The jatis are more specific distinctions, that create smaller sub groups, but that is not the focus here. Historically though, the Varna system developed in a specific way. The social divisions that became characteristic of the system may have existed among the Harappans, as well as the Iranian Aryans. It would be during the Vedic period that the priests (brahmanas) and the rulers (ksatriya) began to consolidate their power. Within the relatively small population the distinctions became clearer between the upper classes, and the two producer classes, the vaisyas and the sudra (Avari 74). Varna itself as a term, initially meant “color,” which has led many to believe that the class distinctions were based more around one’s skin color. Going back to the distinctions between the three classes though, the upper three classes of the brahmanas, ksatriya, and vaisya were identified as being twice-born (dvija). As a result of this the three of them receive benefits that the fourth does not. It has been argued by the skin-complexion theorists that the lighter skinned dvija classes came to the subcontinent and subordinated the darker skinned sudras as their servant class. This preference for skin color is echoed in other aspects of Hindu society. The Laws of Manu promotes marriage within one’s own class and it represents a desire to prevent mixing of skin colors. To this day, there is still a cultural preference among many Hindus for lighter skin over darker skin (Rodrigues 58).
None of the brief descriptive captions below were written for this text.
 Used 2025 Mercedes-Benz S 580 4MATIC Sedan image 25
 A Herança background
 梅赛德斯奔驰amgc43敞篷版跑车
The four Varnas were increasingly distinguished and codified over time, as various laws would outline their social duties. Key to this are the Laws of Manu which lays out detailed descriptions for the various stages of life for each class. The brahmins are placed at the uppermost position of social structure, and their duties are described in relation to the other classes. The laws also outline the notion that it is better for one to inadequately follow the rules of their own Varna than to thoroughly live by the rules of another. The brahmins specifically are placed at the top of society because they are charged with the protection of dharma and are in turn supported by it (Rodrigues, 2006: 58). However, in some cases it was possible for one to change their social class. It was only during a period of mobility that an individual of a higher class could potentially act in a way to join the lower standing if they wanted to. Conversely, someone of a lower class could also act in a way to raise their standing. However, this would occur fairly rarely, and most would not drop in social standing (Avari 167).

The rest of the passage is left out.